CD v Streamed




Uncompressed CD audio will take about 10.6mb per minute to play, to stream that takes big space and dollars to stream an album, see what your streaming company’s takes mb per minute to stream, find out and post up here.

I hear CD’s are better, I get better dynamic range from CD every time it’s A/B to me, now that could be that the streaming companies are using the "later compressed re-issues" of the same albums, you can find that out here https://dr.loudness-war.info/
Or that the streaming process itself compresses the music to save "streaming size" to save big dollars even if in small amounts.

Here’s a video from the CEO of Disc Makers Pty Ltd, yes he probably also biased because he manufacturers CD’s and vinyl, and is a very bad dancer.
https://youtu.be/YHMCTUl2FQo?t=1

Cheers George
128x128georgehifi

Showing 2 responses by duckworp

It does not take 'big space and dollars' for a company to stream individual FLAC files.   Even streaming video, which requires much faster streaming rates, costs very little.  
A streaming service streams the file you request. (As an aside note that compression of a file and compression of music in the mastering stage are two completely different things).On Qobuz you may have an option of a CD quality file or a higher quality file. The resulting file is streamed at the bit-rate of the file. There is no ’downgrading’ in Qobuz, there is no point as the streaming costs are so small.  If you are experiencing different dynamics that is down to the master used, not the streaming rate of the file. Compression of a file will not compress the music.  These compressions, as noted, are completely different things.   Here’s the explanation from Qobuz re bit rate. 
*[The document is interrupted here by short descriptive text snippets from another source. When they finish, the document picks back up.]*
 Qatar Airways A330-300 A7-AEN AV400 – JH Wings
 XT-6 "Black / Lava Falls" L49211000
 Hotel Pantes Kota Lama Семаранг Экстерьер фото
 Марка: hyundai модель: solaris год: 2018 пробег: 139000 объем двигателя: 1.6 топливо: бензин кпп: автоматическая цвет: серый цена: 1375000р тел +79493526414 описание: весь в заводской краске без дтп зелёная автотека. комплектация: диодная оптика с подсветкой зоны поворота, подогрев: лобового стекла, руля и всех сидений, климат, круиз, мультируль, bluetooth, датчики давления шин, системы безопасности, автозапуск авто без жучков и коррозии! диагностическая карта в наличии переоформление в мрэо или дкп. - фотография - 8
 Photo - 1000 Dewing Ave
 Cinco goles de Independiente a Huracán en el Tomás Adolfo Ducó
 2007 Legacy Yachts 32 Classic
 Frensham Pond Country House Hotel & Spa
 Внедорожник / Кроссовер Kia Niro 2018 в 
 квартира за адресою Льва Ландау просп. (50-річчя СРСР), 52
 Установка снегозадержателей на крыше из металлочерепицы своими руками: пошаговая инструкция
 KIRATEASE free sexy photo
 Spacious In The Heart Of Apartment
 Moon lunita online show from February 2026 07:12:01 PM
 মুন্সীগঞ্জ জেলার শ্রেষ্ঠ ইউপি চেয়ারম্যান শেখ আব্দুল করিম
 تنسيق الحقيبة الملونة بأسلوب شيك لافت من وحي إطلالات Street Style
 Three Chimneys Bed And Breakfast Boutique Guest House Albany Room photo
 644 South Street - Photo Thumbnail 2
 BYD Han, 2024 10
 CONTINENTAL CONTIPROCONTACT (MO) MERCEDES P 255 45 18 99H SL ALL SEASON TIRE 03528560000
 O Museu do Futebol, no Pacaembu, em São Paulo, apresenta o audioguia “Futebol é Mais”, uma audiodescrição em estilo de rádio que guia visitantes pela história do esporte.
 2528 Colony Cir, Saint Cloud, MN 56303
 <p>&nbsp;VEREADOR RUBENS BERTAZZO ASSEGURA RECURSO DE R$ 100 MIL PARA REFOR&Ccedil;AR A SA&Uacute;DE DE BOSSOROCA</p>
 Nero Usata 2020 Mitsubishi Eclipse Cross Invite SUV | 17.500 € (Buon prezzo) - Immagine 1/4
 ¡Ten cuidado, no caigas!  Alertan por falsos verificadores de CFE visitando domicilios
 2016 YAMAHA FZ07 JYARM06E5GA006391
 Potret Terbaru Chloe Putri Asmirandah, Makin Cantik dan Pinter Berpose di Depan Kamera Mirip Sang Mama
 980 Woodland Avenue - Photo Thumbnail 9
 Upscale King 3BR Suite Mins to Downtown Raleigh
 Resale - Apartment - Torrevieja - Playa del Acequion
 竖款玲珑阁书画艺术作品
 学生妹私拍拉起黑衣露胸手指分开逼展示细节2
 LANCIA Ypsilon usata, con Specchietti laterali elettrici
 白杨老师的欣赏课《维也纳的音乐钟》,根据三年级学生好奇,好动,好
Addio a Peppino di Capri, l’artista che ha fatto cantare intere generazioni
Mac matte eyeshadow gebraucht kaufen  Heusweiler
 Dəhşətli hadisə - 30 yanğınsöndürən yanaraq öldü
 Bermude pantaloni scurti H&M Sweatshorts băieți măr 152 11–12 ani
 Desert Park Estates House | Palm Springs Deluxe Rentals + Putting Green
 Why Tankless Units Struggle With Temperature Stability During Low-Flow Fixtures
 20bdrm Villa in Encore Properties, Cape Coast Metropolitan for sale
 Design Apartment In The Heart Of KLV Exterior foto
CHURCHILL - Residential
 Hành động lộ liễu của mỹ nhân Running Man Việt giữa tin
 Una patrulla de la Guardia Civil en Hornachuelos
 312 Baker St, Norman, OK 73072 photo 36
“The Bitrate, the flow of binary data, expresses the speed of information per second. It is measured in bits per second and is calculated fairly easily. For CDs: 44,100 samples per second, each one sampled over 16 bits, everything over two channels (left-right stereo). We therefore get a bitrate equal to 44,100 x 16 x 2 = 1,411,200 bits per second: the bitrate of a CD is equal to 1.411 Mb/s.
In the case of streaming, the size and therefore the quality of the files should be chosen depending on the bitrate of internet available. With a theoretical maximum bitrate of 13 Mb/s, an ADSL is adequate for CD quality streaming (at 1.411 Mb/s). For Hi-Res sound streaming at a bitrate of 9.2 Mb/s, it is clear that you can quickly reach the ADSL limit. A fiber connection would therefore be preferable. For smartphone streaming, most platforms offer an MP3 format with a maximum bitrate of 320 Kb/s.”